OneSky (Grant location: Vietnam)
The international NGO OneSky for all children developed a training system for independent child care providers who care for children of migrant factory workers in Vietnam’s industrial zones. Now part of Vietnam’s national curriculum for early childhood care and development, OneSky’s program features training sessions developed in collaboration with the SPOON Foundation. These sessions focus on balanced nutrition and feeding techniques, including strategies for children with special needs. OneSky recognizes nutrition as an essential part of nurturing the mental and physical development of our youngest children and delivers these training sessions on nutrition and feeding to child care providers so they are better equipped to support child development more holistically.
PATH (Grant location: Ghana)
PATH is a global nonprofit that works to accelerate health equity in more than 70 countries. In Ghana, PATH is designing and piloting a model in two districts of the capital city, Accra, that demonstrates how child care programs can be used to promote more comprehensive, nurturing care by strengthening linkages between the programs and governmental primary health care and nutrition services. Additionally, PATH will support child care centers in developing their own nutrition guidelines aligned with Ghana’s Nutrition-Friendly School Initiative. It will include:
- Better use of family monetary contributions for procuring and preparing nutritious meals
- Parent and child education about consumption of healthy snacks and foodstuffs
- Monitoring the sale of fizzy drinks and unhealthy food items outside of child care centers.

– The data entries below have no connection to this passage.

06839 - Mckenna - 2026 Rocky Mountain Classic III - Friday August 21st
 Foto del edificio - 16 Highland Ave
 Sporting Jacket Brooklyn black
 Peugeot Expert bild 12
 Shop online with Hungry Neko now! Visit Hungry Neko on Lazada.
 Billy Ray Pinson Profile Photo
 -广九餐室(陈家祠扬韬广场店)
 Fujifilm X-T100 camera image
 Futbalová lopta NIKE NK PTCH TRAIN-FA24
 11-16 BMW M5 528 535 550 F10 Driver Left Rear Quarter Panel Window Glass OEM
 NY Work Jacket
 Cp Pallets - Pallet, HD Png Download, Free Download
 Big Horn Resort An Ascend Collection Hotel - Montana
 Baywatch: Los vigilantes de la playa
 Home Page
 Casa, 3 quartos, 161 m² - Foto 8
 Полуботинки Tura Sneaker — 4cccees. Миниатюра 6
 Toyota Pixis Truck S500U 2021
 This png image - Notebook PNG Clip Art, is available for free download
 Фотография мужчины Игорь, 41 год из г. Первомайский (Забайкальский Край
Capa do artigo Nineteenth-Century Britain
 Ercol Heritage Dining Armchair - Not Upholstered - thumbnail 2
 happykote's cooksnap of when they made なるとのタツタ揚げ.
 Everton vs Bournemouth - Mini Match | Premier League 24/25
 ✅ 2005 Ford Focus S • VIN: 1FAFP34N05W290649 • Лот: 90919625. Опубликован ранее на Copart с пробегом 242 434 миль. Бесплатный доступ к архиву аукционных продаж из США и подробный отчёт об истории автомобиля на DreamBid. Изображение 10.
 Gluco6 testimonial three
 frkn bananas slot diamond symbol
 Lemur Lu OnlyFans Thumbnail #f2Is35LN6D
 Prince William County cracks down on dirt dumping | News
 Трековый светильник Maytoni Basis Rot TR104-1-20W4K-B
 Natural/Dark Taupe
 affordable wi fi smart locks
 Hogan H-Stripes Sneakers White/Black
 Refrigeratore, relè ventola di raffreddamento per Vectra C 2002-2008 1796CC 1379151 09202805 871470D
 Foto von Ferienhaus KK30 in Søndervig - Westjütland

While the foundation’s primary focus is on Early Childhood within the United States, we continue to honor the interests and intentions of our founders through various Legacy Programs, including our Family Philanthropy (FP) work. Within FP, one notable effort is the Global Education Fund, which was established by a member of the Bainum family. This fund provides grants aimed at enhancing access to high-quality early care and education for young children worldwide.